For the records below, tally the lines that include the word "wooden" and report the number alone.

━━━━━━━━━━━━━━━━━━━━

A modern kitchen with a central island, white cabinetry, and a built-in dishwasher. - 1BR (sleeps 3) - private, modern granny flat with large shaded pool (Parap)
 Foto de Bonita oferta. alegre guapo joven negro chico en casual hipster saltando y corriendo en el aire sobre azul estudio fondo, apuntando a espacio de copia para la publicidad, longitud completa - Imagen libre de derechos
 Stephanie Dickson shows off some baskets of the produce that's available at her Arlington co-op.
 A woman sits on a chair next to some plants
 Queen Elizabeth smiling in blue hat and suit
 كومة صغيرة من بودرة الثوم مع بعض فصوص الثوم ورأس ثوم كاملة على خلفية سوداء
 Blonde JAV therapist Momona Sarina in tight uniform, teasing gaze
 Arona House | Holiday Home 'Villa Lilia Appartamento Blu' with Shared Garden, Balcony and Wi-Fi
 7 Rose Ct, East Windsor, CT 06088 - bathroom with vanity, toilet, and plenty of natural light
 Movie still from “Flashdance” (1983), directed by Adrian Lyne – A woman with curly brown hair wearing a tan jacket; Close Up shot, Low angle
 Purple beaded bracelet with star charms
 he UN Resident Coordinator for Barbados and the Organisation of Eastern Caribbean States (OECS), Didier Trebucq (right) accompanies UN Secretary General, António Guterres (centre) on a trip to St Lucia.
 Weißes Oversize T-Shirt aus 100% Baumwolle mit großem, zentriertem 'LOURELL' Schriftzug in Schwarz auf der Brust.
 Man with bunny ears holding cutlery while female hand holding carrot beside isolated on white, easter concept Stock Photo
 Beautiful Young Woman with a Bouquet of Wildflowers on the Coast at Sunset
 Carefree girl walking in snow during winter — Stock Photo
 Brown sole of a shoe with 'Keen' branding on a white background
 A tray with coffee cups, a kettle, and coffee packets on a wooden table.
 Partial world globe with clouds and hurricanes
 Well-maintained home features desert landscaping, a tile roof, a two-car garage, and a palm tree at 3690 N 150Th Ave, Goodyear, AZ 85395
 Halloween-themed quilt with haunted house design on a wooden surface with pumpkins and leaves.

━━━━━━━━━━━━━━━━━━━━

### COMPLETED EXERCISE
2